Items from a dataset
————————
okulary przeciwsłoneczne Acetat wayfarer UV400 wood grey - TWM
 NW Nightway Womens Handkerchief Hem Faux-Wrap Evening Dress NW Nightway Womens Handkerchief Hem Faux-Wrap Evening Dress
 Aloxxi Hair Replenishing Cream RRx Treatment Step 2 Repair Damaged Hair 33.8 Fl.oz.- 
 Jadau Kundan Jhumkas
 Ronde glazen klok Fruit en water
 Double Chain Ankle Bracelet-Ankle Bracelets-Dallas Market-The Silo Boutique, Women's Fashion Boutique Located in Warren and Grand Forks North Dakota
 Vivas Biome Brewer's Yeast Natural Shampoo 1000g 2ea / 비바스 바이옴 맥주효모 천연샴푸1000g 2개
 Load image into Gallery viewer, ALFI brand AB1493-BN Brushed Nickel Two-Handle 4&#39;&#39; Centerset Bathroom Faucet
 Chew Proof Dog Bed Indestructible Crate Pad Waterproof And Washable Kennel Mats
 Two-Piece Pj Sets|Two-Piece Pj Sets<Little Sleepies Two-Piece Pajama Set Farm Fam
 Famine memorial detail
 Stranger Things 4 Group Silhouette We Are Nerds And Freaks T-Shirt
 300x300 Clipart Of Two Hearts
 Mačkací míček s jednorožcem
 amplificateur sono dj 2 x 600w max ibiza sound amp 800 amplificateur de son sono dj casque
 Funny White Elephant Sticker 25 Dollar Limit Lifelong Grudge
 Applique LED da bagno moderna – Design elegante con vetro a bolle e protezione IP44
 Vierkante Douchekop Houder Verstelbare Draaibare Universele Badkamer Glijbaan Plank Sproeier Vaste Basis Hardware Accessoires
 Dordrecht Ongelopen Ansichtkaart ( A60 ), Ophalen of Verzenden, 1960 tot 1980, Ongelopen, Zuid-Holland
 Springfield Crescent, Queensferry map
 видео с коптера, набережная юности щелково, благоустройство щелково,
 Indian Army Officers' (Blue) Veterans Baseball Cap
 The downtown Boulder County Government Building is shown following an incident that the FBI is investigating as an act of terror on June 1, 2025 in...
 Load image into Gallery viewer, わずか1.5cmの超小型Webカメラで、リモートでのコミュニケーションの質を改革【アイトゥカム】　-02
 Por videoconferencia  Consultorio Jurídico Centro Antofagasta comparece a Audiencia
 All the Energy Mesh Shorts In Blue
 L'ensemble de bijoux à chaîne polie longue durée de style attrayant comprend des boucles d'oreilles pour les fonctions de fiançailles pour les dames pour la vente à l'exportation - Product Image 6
————————
▸ Exercise goal
Extract every line above containing the word "Load".

▸ Your response
 Load image into Gallery viewer, ALFI brand AB1493-BN Brushed Nickel Two-Handle 4&#39;&#39; Centerset Bathroom Faucet
 Load image into Gallery viewer, わずか1.5cmの超小型Webカメラで、リモートでのコミュニケーションの質を改革【アイトゥカム】　-02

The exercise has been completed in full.